### Your instructions
Print the lines of the data, starting with the first, up to and including the line where "Bild der Leica" appears.

---------- Exercise inputs

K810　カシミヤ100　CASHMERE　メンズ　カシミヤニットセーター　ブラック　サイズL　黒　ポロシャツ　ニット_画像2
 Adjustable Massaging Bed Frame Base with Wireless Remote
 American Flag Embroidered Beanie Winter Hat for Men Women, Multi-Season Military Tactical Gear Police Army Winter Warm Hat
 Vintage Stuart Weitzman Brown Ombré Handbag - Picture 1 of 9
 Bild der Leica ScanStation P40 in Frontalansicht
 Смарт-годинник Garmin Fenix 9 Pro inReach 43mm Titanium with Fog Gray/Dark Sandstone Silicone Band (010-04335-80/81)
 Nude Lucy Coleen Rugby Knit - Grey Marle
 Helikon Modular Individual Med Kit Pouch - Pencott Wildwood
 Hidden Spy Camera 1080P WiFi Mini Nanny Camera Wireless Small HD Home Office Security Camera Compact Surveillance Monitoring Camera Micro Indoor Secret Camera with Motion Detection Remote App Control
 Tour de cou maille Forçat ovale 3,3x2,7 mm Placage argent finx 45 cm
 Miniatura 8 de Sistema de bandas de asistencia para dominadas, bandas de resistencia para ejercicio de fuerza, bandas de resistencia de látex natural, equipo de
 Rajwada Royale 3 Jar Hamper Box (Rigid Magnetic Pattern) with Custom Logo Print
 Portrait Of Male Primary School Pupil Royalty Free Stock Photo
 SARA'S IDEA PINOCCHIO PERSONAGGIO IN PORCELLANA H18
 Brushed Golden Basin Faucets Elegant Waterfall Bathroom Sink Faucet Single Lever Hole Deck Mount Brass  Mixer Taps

--------------------

### Exercise result
K810　カシミヤ100　CASHMERE　メンズ　カシミヤニットセーター　ブラック　サイズL　黒　ポロシャツ　ニット_画像2
 Adjustable Massaging Bed Frame Base with Wireless Remote
 American Flag Embroidered Beanie Winter Hat for Men Women, Multi-Season Military Tactical Gear Police Army Winter Warm Hat
 Vintage Stuart Weitzman Brown Ombré Handbag - Picture 1 of 9
 Bild der Leica ScanStation P40 in Frontalansicht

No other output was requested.